El presidente de Bolivia, Rodrigo Paz, enfrenta la primera gran crisis política de su gobierno en medio de la recesión económica que afecta al país. Las protestas y movilizaciones se concentran principalmente en el área andina y exigen su renuncia apenas seis meses después de haber asumido el mandato.
Las manifestaciones también han comenzado a impactar el abastecimiento de alimentos y combustibles en La Paz, agravando el complejo escenario interno.
El mandatario ya había enfrentado protestas entre diciembre y enero, luego de retirar la subvención a los combustibles. En aquella oportunidad logró alcanzar acuerdos que permitieron frenar las movilizaciones.
Los analistas Huáscar Pacheco y Vladimir Peña coincidieron, en declaraciones a EFE, en que la base del conflicto radica en la crisis económica que atraviesa Bolivia.
No obstante, ambos expertos también apuntaron a errores cometidos por la administración de Paz y a la influencia del llamado “evismo”, sector afín al expresidente Evo Morales.

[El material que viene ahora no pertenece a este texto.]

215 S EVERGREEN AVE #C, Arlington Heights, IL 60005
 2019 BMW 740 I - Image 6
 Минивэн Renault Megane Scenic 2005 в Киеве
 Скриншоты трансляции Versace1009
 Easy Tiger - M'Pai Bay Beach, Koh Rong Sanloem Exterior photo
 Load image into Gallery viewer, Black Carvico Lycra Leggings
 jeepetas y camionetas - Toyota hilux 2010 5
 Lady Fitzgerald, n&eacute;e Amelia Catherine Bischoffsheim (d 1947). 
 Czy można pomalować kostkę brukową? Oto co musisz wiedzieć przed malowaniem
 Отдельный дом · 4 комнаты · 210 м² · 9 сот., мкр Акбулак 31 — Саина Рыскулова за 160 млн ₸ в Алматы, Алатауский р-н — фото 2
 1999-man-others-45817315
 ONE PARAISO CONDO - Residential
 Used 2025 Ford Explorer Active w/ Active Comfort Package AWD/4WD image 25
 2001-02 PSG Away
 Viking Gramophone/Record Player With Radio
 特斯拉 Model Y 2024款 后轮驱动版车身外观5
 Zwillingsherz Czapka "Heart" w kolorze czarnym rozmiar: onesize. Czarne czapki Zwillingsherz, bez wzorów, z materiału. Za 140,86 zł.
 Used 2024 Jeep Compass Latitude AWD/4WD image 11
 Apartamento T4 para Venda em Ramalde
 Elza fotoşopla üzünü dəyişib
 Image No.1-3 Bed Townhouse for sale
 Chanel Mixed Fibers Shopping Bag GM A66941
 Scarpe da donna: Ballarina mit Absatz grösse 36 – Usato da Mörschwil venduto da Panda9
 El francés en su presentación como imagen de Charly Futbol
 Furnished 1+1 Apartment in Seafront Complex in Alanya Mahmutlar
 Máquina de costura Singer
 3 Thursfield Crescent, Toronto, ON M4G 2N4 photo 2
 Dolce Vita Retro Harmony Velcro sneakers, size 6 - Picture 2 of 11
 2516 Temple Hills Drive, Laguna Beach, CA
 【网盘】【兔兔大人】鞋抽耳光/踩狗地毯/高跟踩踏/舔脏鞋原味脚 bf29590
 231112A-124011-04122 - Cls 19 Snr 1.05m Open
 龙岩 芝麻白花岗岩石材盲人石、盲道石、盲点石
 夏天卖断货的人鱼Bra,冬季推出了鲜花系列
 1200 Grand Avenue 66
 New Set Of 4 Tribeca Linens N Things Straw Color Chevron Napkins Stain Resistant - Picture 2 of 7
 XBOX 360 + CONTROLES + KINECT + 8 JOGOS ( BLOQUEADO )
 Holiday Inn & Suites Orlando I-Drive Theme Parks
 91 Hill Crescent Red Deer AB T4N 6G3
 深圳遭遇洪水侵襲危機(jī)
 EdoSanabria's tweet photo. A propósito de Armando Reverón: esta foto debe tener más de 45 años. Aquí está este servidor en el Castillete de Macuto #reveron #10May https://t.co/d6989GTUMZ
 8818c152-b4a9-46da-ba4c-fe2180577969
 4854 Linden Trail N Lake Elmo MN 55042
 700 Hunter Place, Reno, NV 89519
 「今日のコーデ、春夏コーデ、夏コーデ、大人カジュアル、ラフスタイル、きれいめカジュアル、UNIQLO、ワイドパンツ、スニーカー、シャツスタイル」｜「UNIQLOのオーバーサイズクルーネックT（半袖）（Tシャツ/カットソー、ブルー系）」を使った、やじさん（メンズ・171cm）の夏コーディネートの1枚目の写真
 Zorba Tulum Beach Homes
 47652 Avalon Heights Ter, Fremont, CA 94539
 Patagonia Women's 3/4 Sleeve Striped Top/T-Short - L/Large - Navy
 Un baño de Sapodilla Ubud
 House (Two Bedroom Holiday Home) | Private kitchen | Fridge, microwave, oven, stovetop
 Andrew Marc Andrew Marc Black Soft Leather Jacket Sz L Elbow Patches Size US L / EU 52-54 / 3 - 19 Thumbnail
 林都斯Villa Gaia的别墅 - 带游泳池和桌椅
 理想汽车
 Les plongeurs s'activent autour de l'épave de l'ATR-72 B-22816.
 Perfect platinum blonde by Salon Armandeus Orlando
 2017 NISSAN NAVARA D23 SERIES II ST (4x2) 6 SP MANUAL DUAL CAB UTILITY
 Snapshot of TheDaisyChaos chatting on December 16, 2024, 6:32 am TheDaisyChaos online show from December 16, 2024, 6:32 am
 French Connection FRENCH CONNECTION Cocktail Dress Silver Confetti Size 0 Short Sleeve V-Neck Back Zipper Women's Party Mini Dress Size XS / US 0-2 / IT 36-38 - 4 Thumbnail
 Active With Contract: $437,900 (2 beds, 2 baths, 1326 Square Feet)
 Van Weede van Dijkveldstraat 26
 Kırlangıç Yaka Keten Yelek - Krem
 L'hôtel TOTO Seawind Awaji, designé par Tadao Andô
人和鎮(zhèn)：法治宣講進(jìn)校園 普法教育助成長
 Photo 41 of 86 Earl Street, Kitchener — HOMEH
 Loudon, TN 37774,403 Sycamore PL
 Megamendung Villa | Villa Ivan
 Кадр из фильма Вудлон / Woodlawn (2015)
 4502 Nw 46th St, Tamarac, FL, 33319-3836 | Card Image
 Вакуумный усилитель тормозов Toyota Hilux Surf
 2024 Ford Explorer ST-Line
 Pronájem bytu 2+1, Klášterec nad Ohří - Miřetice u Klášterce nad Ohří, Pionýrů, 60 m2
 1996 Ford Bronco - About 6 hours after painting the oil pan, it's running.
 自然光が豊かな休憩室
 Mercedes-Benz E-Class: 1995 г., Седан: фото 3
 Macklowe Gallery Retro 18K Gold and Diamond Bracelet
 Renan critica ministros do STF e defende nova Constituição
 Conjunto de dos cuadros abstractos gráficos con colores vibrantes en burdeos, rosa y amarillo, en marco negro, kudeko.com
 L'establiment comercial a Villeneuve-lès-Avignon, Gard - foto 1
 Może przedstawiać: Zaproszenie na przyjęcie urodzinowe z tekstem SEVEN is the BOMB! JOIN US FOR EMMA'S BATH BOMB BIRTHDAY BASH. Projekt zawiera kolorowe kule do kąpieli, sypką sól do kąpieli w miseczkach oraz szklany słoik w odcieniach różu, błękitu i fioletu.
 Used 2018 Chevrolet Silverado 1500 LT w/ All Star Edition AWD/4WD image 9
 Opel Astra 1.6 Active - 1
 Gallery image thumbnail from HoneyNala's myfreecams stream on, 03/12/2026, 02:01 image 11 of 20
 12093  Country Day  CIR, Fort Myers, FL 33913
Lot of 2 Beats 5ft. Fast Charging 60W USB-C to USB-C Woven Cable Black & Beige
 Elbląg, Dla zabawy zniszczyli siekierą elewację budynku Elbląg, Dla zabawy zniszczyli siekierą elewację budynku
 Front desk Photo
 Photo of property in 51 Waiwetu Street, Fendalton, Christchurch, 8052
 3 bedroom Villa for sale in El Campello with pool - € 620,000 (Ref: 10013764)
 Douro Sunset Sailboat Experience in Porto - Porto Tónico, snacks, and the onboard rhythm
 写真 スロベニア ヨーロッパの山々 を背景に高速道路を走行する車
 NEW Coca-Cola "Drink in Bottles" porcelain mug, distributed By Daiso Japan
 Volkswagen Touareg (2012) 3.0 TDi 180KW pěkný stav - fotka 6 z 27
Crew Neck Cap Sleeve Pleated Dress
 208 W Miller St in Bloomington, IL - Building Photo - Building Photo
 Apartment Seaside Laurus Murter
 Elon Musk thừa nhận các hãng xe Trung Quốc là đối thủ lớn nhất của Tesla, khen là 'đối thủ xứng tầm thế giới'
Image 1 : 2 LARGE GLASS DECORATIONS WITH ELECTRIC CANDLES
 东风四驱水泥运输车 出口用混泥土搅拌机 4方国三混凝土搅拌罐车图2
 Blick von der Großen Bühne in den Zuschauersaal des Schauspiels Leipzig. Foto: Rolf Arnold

Sin embargo, los consultados aclararon que la actual conflictividad no puede atribuirse exclusivamente a esa corriente política, debido a su menor peso respecto de años anteriores.
Economía, tensión social y cuestionamientos al Gobierno
Pacheco sostuvo que el deterioro de las condiciones de vida, la inflación y la escasez de combustible y dólares forman parte de una “crisis multidimensional” que ya afectaba a Bolivia antes de la llegada de Paz a la Presidencia el pasado 8 de noviembre.
Los organismos multilaterales proyectan para 2026 una caída económica de hasta 3,3%. Esto ocurre tras la contracción de 1,58% registrada en 2025 y una inflación que alcanzó el 20,4%.
El experto advirtió que la prolongada crisis mantendrá activos varios focos de tensión social. Además, señaló que el escenario actual se ha vuelto más complejo debido a posiciones políticas “irreductibles”.
“Los conflictos ideológicos políticos son muy difíciles de negociar”, afirmó Pacheco. Aun así, consideró que el diálogo sigue siendo la mejor alternativa antes que recurrir a medidas de fuerza o un eventual “estado de excepción”.
El analista también indicó que no observa una “crisis de gobernabilidad”, ya que el Ejecutivo conserva legitimidad tras haber sido elegido democráticamente hace siete meses.
A juicio de Pacheco, uno de los principales errores del Gobierno ha sido generar expectativas que no logró cumplir. Además, criticó la cercanía del Ejecutivo con sectores empresariales.
“Creo que han mostrado un Gobierno muy cercano a estas élites”, sostuvo el experto. También agregó que a la administración “le falta un poco de calle” para comprender la complejidad social del país.
Por su parte, Vladimir Peña estimó que el Gobierno aún no tiene claridad sobre el rumbo de las reformas estructurales que pretende impulsar.
“Esa expectativa de cambio hoy se traduce en una impaciencia de la gente para saber hacia dónde se va. Se está acabando la tolerancia que ha tenido la gente al presidente”, afirmó.
Peña también abordó la influencia del “evismo” en las protestas y sostuvo que mantiene una base “fiel, muy dura”, aunque insuficiente para construir mayorías como en el pasado.
Finalmente, el analista consideró que Rodrigo Paz debería impulsar una coalición política más amplia e incluir a distintos sectores, entre ellos al vicepresidente Edmand Lara, quien se ha mostrado crítico del Ejecutivo. Según indicó, Bolivia necesita “un acuerdo mínimo como país” frente a la crisis actual que atraviesa el país sudamericano.